The hand-editing process in previous years included not only these genuine movers and multi-county zip code dwellers, but also other cases for which elements of the address are simply in error or incompatible with each other. Some of these cases could potentially require editing for the same errors in more than one year, even if the respondent stayed in one location. Hand-editing procedures were further streamlined, and in some cases automated, to produce the 1992 data.

Beginning in 1996, a new procedure for verifying and assigning correct final Geocode information was instituted. This procedure is now performed using specialized address tracking Geocode software. The processes are described in Appendix 10. It is the belief of CHRR staff members not only that the current procedures are more efficient in identifying true discrepancies and streamlining the hand-editing process, but also that they result in more accurate and consistent assignment of State and county codes in general. 

Missing Values, New England Cases, and Mobility: Missing values in location of residence variables and metropolitan statistical area codes are associated with respondents who are in the active military forces or who are living abroad or in a U.S. territory. Users should be aware that, because the New England County Metropolitan Area (NECMA) codes are not comparable to metropolitan statistical areas from the remainder of the country, New England cases are eliminated from some of the procedures used to construct the Geocode files.

The review and hand-editing process has been periodically revised to improve the accuracy of the data and the efficiency of data production. The potential implications for effects on mobility rates between some years due to these changes have been noted in Appendix 10: Geocode Documentation. Users should read Appendix 10 carefully to gain a better understanding of the issues outlined above and their implications for specific research endeavors.

Comparison to Other NLS Cohorts: Data on the respondent's area of residence are available for all cohorts. Geographic residence information for those NLSY79 children who resided with their mother can be inferred from the residence data of their mothers. The NLSY97 main created variables indicate whether the respondent lives in an urban or rural area, whether the respondent lives in a Metropolitan Statistical Area, and in which Census region the respondent resides.  More detailed information is available on the restricted-use Geocode CD. Region of residence and geographic mobility of Original Cohort respondents are provided for most survey years. Geographic data for NLSY79 respondents fall into two categories: information on the main public file and more detailed information released on a restricted-access geocode CD.  

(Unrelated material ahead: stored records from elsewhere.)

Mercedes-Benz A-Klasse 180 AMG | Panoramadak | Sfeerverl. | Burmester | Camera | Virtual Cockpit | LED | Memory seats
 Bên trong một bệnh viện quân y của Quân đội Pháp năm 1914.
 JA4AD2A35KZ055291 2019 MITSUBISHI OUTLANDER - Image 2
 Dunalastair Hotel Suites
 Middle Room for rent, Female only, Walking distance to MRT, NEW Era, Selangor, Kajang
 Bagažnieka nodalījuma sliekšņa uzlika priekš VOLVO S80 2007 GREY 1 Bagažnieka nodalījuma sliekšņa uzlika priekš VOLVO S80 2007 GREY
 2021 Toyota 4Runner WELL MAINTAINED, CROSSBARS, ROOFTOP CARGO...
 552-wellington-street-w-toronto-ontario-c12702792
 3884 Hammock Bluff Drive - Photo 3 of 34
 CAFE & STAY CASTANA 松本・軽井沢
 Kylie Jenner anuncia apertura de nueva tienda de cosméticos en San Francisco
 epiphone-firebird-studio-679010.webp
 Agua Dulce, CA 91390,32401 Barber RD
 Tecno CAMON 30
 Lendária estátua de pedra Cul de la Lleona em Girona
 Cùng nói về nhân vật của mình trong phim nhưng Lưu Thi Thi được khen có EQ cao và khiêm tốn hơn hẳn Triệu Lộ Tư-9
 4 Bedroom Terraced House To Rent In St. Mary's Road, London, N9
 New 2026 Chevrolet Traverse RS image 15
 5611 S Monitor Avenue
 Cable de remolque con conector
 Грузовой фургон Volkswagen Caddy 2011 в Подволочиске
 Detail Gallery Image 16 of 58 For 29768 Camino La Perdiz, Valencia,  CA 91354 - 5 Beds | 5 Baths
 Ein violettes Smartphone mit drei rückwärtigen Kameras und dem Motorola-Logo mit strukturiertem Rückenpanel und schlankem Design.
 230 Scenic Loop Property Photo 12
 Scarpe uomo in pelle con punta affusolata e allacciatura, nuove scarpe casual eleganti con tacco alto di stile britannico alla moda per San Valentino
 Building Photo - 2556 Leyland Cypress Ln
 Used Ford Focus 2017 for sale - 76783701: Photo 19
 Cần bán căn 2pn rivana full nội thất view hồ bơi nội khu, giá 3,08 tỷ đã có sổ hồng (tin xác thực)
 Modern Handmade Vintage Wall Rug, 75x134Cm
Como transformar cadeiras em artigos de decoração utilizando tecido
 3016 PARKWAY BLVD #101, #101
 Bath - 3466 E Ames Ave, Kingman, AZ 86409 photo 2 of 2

Survey Instruments and Documentation Data on residence at birth and at age 14, as well as the 1979-82 present/most recent residence series, were collected using questions found within Section 1 ("Family Background" and "On Family") of the 1979, 1980, and 1982 questionnaires. All other variables are created from or determined by the geographic information provided by each NLSY79 respondent within the locator section of the questionnaire or from the interviewing Face Sheet or internal NORC locating files. Several attachments and appendices in the NLSY79 Codebook Supplement and/or the NLSY79 Geocode Codebook Supplement offer creation procedure information and coding systems for the geographic residence variables. The following are relevant to the Geocode:

Areas of Interest Residence variables can be found within the "Family Background," "Key Variables," "Geocode xxxx," or "Misc. xxxx" areas of interest; the table above specifies the particular areas of interest for each variable. All environmental variables, including the 'Unemployment Rate for the Labor Market of Current Residence,' are present on the restricted release "Geocode xxxx" areas of interest on the Geocode CD.